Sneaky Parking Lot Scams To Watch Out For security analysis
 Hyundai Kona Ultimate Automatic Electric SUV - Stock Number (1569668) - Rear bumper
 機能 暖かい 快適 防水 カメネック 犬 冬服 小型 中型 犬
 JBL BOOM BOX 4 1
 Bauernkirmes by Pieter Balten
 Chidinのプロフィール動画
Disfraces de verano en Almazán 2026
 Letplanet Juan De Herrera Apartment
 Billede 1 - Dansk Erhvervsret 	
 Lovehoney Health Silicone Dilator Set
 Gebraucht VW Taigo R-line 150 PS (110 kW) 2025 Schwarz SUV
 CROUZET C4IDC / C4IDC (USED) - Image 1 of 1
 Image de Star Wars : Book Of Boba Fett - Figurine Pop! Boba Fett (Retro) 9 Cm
════════════════════
◆ **WHAT TO WORK ON**: Scan the records for the string "Image" and report each line where it occurs.

◆ **TASK SOLUTION**:
 CROUZET C4IDC / C4IDC (USED) - Image 1 of 1
 Image de Star Wars : Book Of Boba Fett - Figurine Pop! Boba Fett (Retro) 9 Cm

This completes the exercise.